» RECORDED DATA
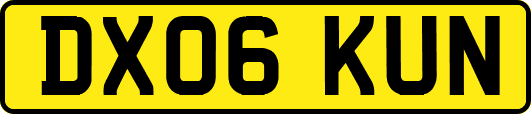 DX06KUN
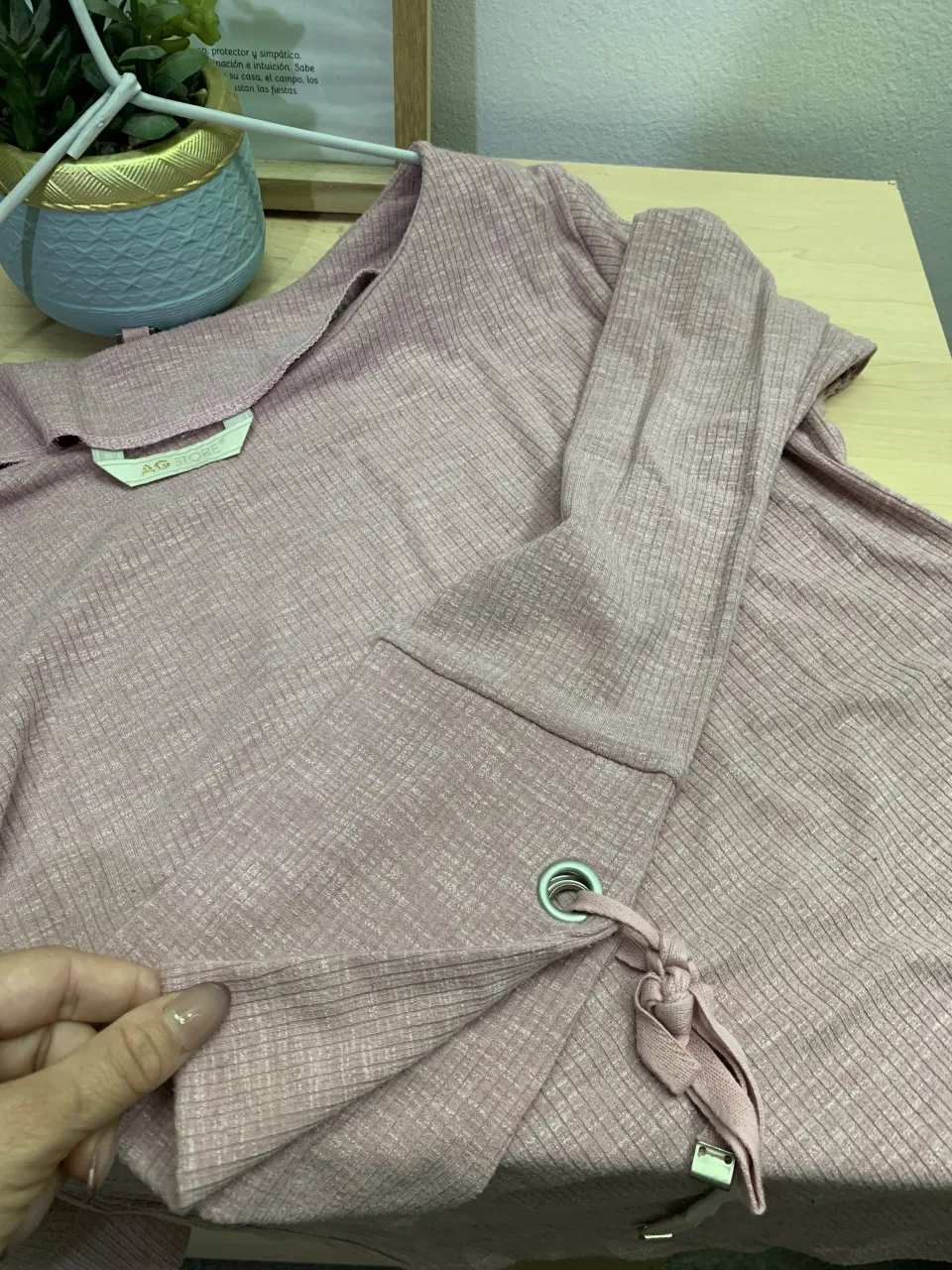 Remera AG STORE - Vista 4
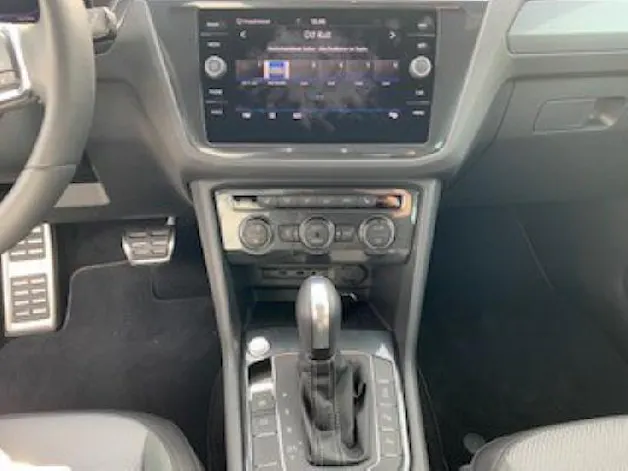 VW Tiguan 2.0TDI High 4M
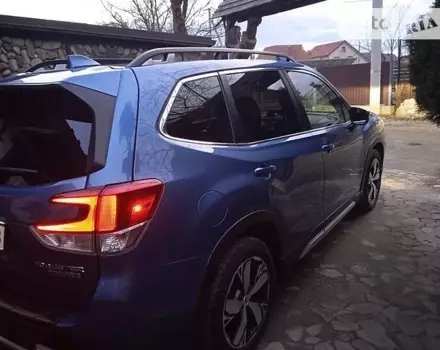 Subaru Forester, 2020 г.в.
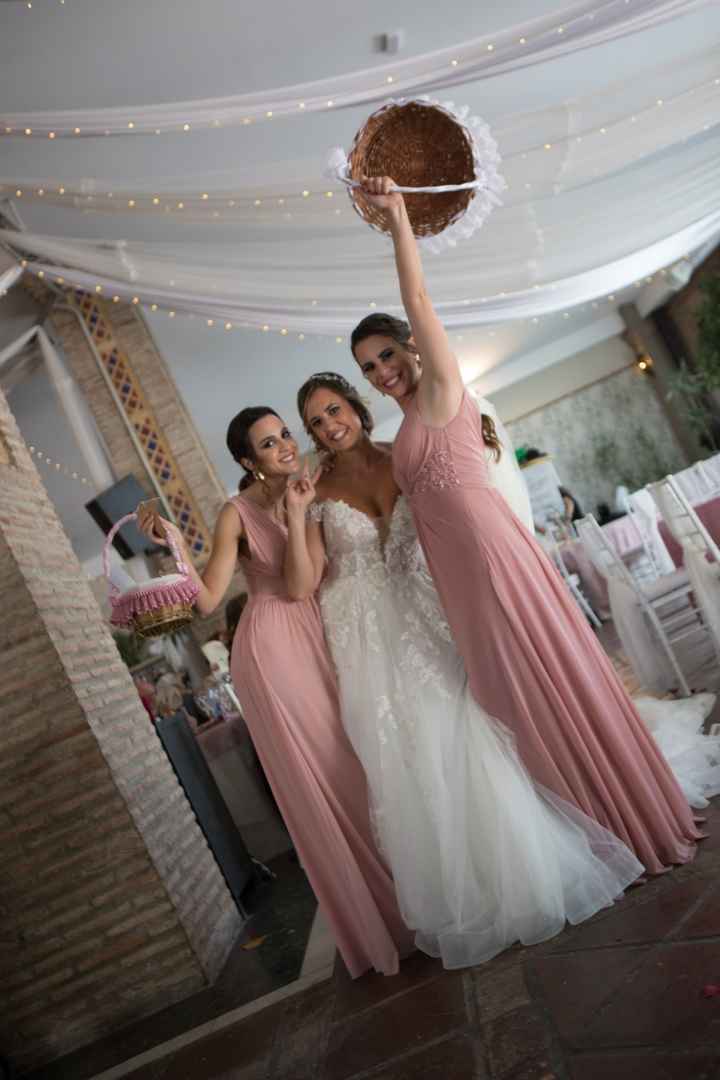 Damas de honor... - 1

» WORK TASK
What you hand back should match the entries above exactly, except that no picture appears.

» FINISHED EXERCISE
 DX06KUN
 Remera AG STORE - Vista 4
 VW Tiguan 2.0TDI High 4M
 Subaru Forester, 2020 г.в.
 Damas de honor... - 1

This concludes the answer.